--- Given data Enclosed Below ---

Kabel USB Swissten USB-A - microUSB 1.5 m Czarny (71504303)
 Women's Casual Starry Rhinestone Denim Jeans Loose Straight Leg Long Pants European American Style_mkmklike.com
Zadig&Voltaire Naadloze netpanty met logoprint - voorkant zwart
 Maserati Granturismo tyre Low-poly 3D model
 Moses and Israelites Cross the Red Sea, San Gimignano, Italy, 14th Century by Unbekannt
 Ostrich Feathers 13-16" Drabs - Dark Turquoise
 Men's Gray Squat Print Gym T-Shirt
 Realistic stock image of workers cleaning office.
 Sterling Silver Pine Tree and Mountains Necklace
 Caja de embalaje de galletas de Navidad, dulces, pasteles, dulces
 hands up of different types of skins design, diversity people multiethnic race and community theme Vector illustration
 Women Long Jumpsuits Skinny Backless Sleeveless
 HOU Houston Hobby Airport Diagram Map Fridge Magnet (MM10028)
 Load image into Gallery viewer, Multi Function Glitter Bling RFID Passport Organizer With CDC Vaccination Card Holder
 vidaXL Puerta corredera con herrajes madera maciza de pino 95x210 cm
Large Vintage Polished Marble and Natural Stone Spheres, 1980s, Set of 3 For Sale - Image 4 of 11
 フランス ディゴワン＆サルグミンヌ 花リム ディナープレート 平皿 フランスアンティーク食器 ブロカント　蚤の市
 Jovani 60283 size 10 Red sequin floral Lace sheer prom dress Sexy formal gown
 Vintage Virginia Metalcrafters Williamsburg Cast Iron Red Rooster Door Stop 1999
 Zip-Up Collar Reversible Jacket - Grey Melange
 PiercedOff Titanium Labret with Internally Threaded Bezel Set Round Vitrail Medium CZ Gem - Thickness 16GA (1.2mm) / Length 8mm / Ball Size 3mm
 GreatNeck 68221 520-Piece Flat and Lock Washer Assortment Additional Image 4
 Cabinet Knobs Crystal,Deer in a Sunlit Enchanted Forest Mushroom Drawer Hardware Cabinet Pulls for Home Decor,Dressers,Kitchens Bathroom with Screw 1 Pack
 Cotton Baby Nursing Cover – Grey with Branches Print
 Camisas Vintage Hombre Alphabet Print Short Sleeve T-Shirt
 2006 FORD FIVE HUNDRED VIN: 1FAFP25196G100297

--- End of Enclosed Given data ---

▶ [Your assignment]:
Using the entries, return every line where the word "Grey" can be found.

▶ [Completed exercise]:
 Zip-Up Collar Reversible Jacket - Grey Melange
 Cotton Baby Nursing Cover – Grey with Branches Print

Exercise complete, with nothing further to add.